Hal itu merupakan juga suatu kritik karena memiliki dasar berupa bukti banyaknya perilaku koruptif, politik uang, dan lahirnya dinasti. Hanya saja, corak berfikir demikian hanyalah tambal sulam, karena tidak menyelesaikan akar masalah. Sebab pemilihan kepala daerah melalui dewan perwakilan bukanlah obat mujarab.

Cara pandang tambal sulam inilah yang banyak melahirkan fenomena di masyarakat. Tak memiliki akar filosofis yang kuat. Sebenarnya ada agama yang bisa dijadikan kamus dalam memaknai hidup. Tetapi, terkadang akal dikesampingkan, seolah tak diperlukan lagi dalam mengeja kitab suci yang menjadi basis utama legalitasnya.

Pertanyaannya, sudah cukupkah doa sebagai solusi atas masalah yang dihadapi. Kembali melalui layar kaca, kita disuguhkan saripati arti kehidupan oleh seorang dilabeli ustaz yang kadang menangis atau membuat kita tertawa dengan ungkapan fenomena. Dan, tak lama berselang melalui saluran yang sama, tragedi sosial tetap saja berlanjut.

Mengapa bisa terjadi, agama seolah kehilangan pesona dalam memberikan penjelasan dan sebatas berkutat pada diri manusia yang disebut tidak “beragama” karena tetap menjalankan perilaku dosa.

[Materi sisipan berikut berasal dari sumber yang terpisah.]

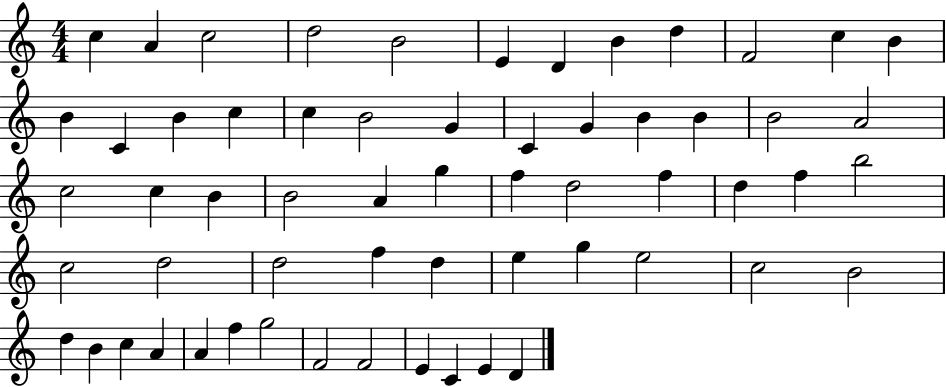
{
  \clef treble
  \numericTimeSignature
  \time 4/4
  \key c \major
  c''4 a'4 c''2 | d''2 b'2 | e'4 d'4 b'4 d''4 | f'2 c''4 b'4 | \break b'4 c'4 b'4 c''4 | c''4 b'2 g'4 | c'4 g'4 b'4 b'4 | b'2 a'2 | \break c''2 c''4 b'4 | b'2 a'4 g''4 | f''4 d''2 f''4 | d''4 f''4 b''2 | \break c''2 d''2 | d''2 f''4 d''4 | e''4 g''4 e''2 | c''2 b'2 | \break d''4 b'4 c''4 a'4 | a'4 f''4 g''2 | f'2 f'2 | e'4 c'4 e'4 d'4 | \break \bar "|."
} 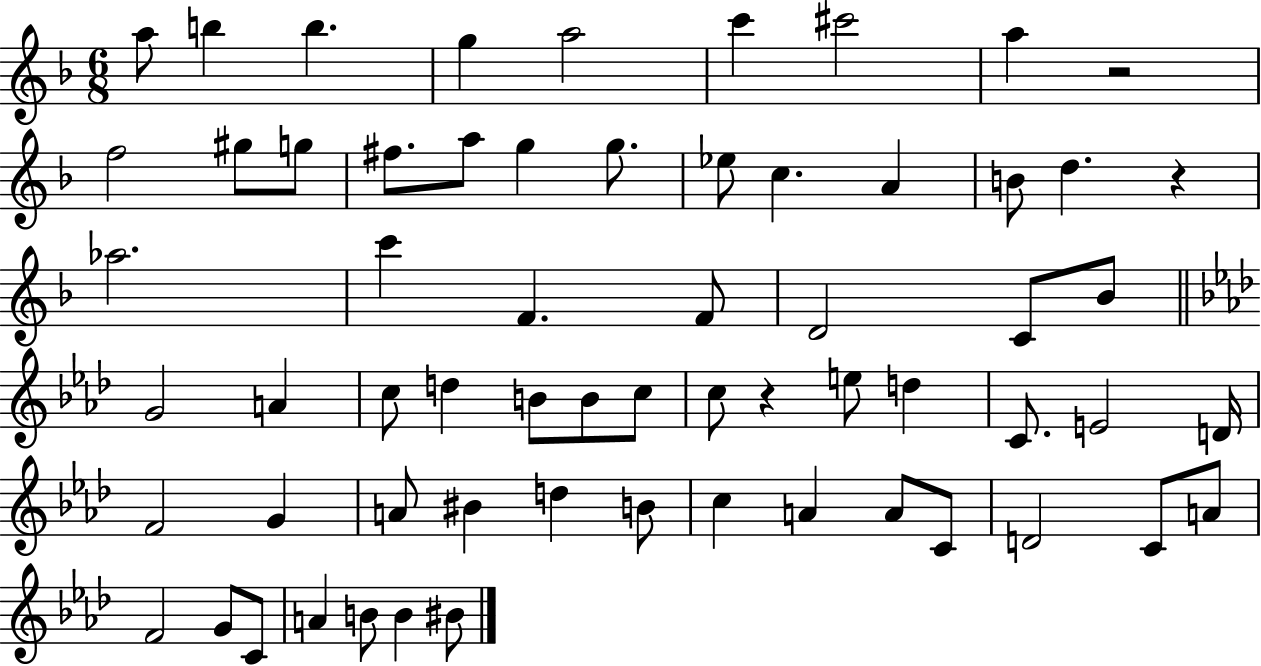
A5/e B5/q B5/q. G5/q A5/h C6/q C#6/h A5/q R/h F5/h G#5/e G5/e F#5/e. A5/e G5/q G5/e. Eb5/e C5/q. A4/q B4/e D5/q. R/q Ab5/h. C6/q F4/q. F4/e D4/h C4/e Bb4/e G4/h A4/q C5/e D5/q B4/e B4/e C5/e C5/e R/q E5/e D5/q C4/e. E4/h D4/s F4/h G4/q A4/e BIS4/q D5/q B4/e C5/q A4/q A4/e C4/e D4/h C4/e A4/e F4/h G4/e C4/e A4/q B4/e B4/q BIS4/e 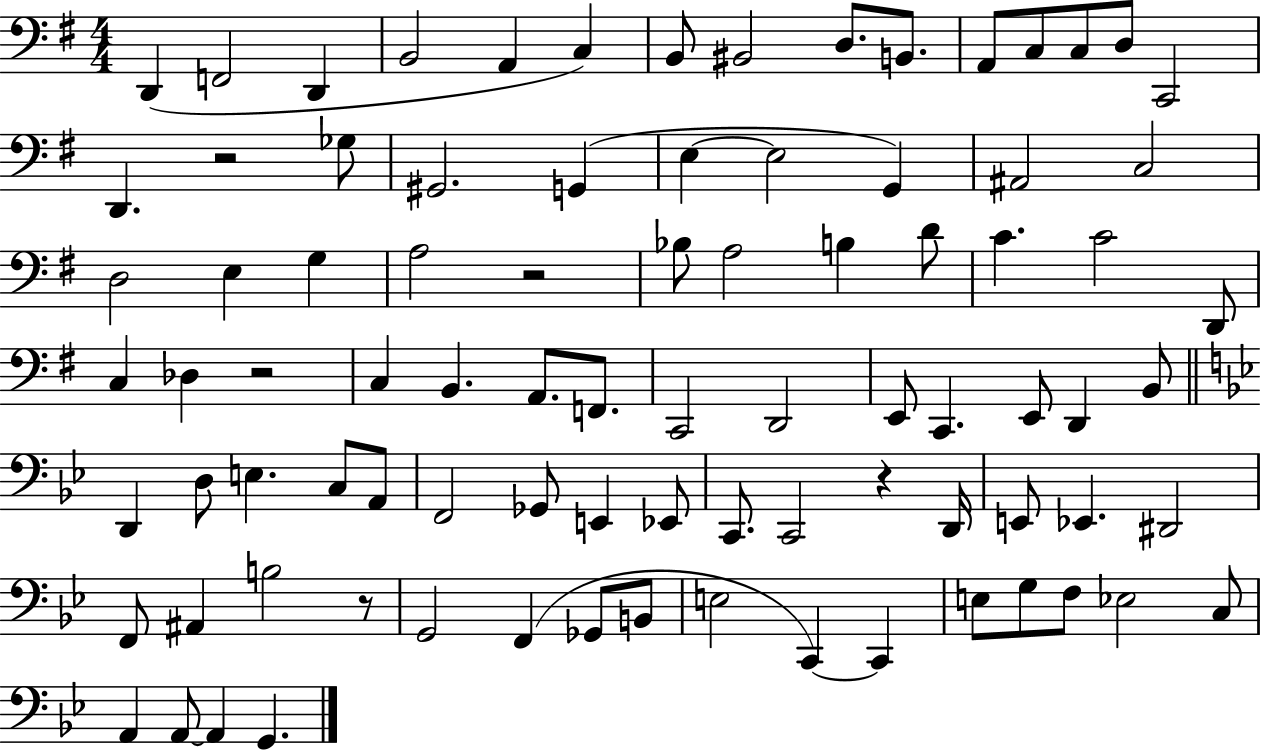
D2/q F2/h D2/q B2/h A2/q C3/q B2/e BIS2/h D3/e. B2/e. A2/e C3/e C3/e D3/e C2/h D2/q. R/h Gb3/e G#2/h. G2/q E3/q E3/h G2/q A#2/h C3/h D3/h E3/q G3/q A3/h R/h Bb3/e A3/h B3/q D4/e C4/q. C4/h D2/e C3/q Db3/q R/h C3/q B2/q. A2/e. F2/e. C2/h D2/h E2/e C2/q. E2/e D2/q B2/e D2/q D3/e E3/q. C3/e A2/e F2/h Gb2/e E2/q Eb2/e C2/e. C2/h R/q D2/s E2/e Eb2/q. D#2/h F2/e A#2/q B3/h R/e G2/h F2/q Gb2/e B2/e E3/h C2/q C2/q E3/e G3/e F3/e Eb3/h C3/e A2/q A2/e A2/q G2/q. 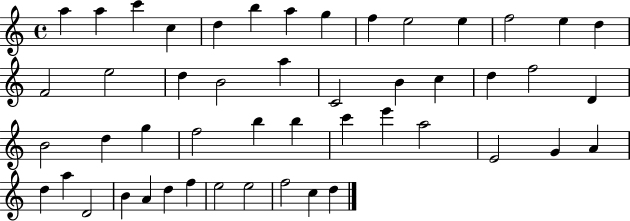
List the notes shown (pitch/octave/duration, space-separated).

A5/q A5/q C6/q C5/q D5/q B5/q A5/q G5/q F5/q E5/h E5/q F5/h E5/q D5/q F4/h E5/h D5/q B4/h A5/q C4/h B4/q C5/q D5/q F5/h D4/q B4/h D5/q G5/q F5/h B5/q B5/q C6/q E6/q A5/h E4/h G4/q A4/q D5/q A5/q D4/h B4/q A4/q D5/q F5/q E5/h E5/h F5/h C5/q D5/q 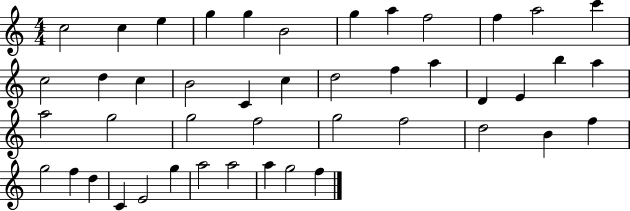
X:1
T:Untitled
M:4/4
L:1/4
K:C
c2 c e g g B2 g a f2 f a2 c' c2 d c B2 C c d2 f a D E b a a2 g2 g2 f2 g2 f2 d2 B f g2 f d C E2 g a2 a2 a g2 f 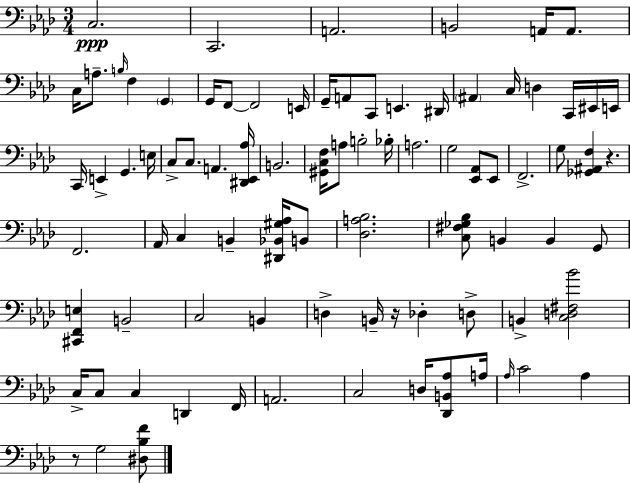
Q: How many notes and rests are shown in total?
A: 85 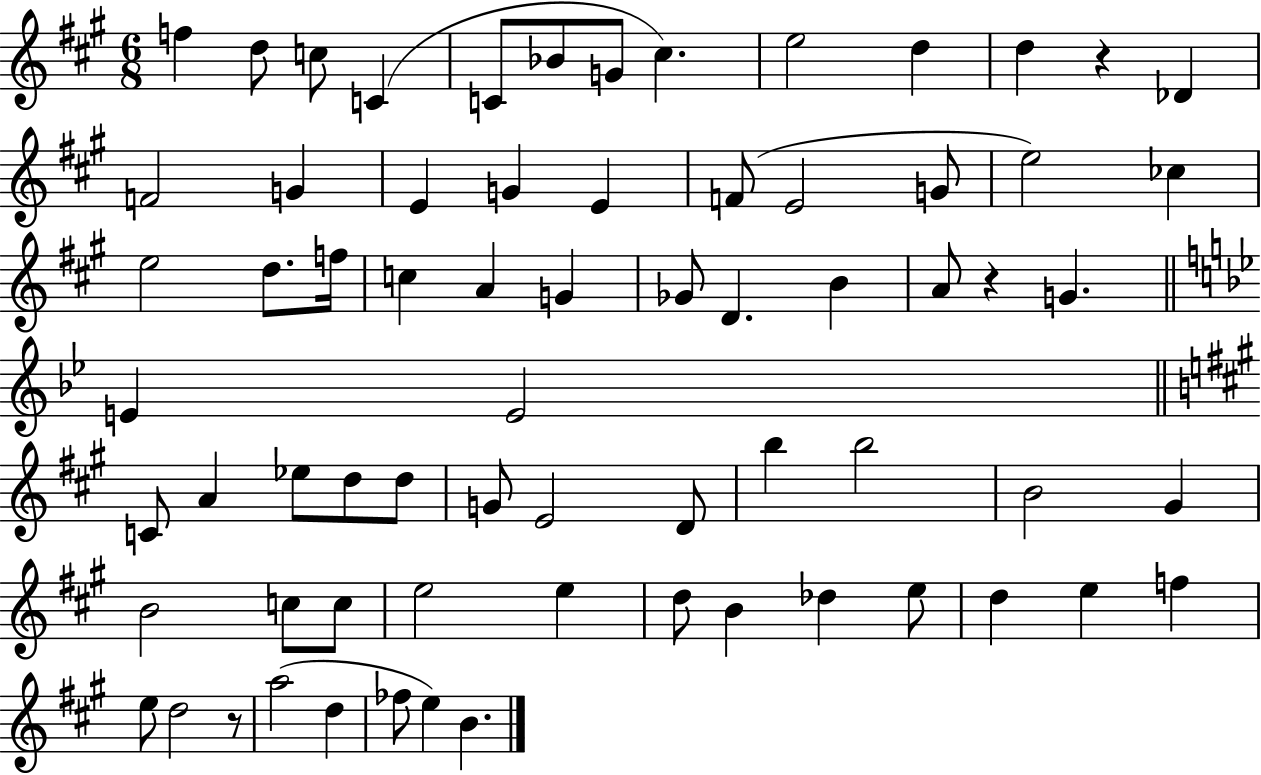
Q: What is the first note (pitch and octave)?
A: F5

Saya kira, disitulah diperlukan penjelasan filsafat dalam memaknai hidup. Filsafat bukan lawan agama, melainkan kawan yang bisa saling melengkapi. Filsafat dibutuhkan sebagai peta berfikir logis dalam membaca agama.

Peran Filsafat

Dalam Simposium Internasional Filsafat Indonesia yang diketuai Jaya Suprana, berlangsung di Kementrian Pendidikan dan Kebudayaan. (Kompas, 20/9). Salah satu pembicara, Franz Magnis Suseno, Direktur Program Pasca Sarjana Sekolah Tinggi Filsafat Driyarkara, mengungkapkan kalau abad 21 penuh tantangan intelektual. Agama yang mengambil penjelas makna hidup, pengetahuan menangani ilmu khusus, dan program politik menjadi ranah ideologi. Di antara hal tersebut tidak terwadahi kehadiran pemaknaan kritis. Di situlah filsafat menjalankan perannya.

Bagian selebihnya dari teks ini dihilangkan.